谨此记录,mark
- 时间:2024.01.20
- 问题排查:2h 😦
报错如下:
InvalidArgumentError (see above for traceback): indices[48,9] = 1656 is not in [0, 1656)
[[node Deep/embedding_lookup (defined at /apsara/TempRoot/Odps/tbcrm_algorithm_dev_202401200852275gtjap1qosod_4666727b_b21c_4cb6_9dd3_8cf7b352d11f_AlgoTask_0_0/worker@kangaroo011177170244.na610#21/tensorflow_jobs/AlimiCTR/models/deepfm.py:71) = GatherV2[Taxis=DT_INT32, Tindices=DT_INT64, Tparams=DT_FLOAT, _device="/job:chief/replica:0/task:0/device:CPU:0"](Deep/concat, IteratorGetNext:2, Deep/embedding_lookup/axis)]]
[[{{node clip_by_global_norm/mul_5_S265}} = _Recv[client_terminated=false, recv_device="/job:ps/replica:0/task:1/device:CPU:0", send_device="/job:chief/replica:0/task:0/device:CPU:0", send_device_incarnation=3940832609751527887, tensor_name="edge_741_clip_by_global_norm/mul_5", tensor_type=DT_FLOAT, _device="/job:ps/replica:0/task:1/device:CPU:0"]()]]
解决方法 😃 :
sparse_encoding_size为类别变量分桶数量,emb size 数量要 +1
self.sparse_encoding_size = self.get_sparse_encoding_size()

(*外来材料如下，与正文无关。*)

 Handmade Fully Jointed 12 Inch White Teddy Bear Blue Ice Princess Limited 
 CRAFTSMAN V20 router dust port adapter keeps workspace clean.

self.set_model_hyperparameter('sparse_encoding_size', self.sparse_encoding_size + 1)
with tf.variable_scope(DNN_SCOPE, partitioner=self.partitioner()):
input_dense = features["dense_main"]
input_sparse = features['sparse_main']
sparse_emb_table = get_token_embeddings(sparse_token_size, embedding_dim=embedding_dim,
variable_name="sparse_emb", zero_pad=True)
sparse_emb = tf.nn.embedding_lookup(sparse_emb_table, input_sparse)
WHERE
def get_token_embeddings(vocab_size, embedding_dim, variable_name="embedding_dim", zero_pad=True):
# with tf.variable_scope(scope_name, reuse=tf.AUTO_REUSE):
embeddings = tf.get_variable(variable_name,
dtype=tf.float32,
shape=(vocab_size, embedding_dim),
initializer=tf.truncated_normal_initializer(
stddev=0.05, dtype=tf.float32))
if zero_pad:
embeddings = tf.concat((tf.zeros(shape=[1, embedding_dim]),
embeddings[1:, :]), axis=0)
return embeddings